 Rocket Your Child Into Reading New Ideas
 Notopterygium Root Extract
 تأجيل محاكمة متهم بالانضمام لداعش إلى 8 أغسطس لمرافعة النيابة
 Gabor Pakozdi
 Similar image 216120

☆ ☆ ☆

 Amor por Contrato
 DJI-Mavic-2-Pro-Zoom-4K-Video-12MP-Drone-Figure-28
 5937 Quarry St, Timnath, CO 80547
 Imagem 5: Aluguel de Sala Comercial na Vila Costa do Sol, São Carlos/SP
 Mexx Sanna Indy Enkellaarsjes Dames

☆ ☆ ☆

▶ [Work task] What you give back should be only the lines of the records above, starting at the line with "Notopterygium Root Extract" and ending at the line with "Similar image 216120", restated word for word.

▶ [Answer to this task]
 Notopterygium Root Extract
 تأجيل محاكمة متهم بالانضمام لداعش إلى 8 أغسطس لمرافعة النيابة
 Gabor Pakozdi
 Similar image 216120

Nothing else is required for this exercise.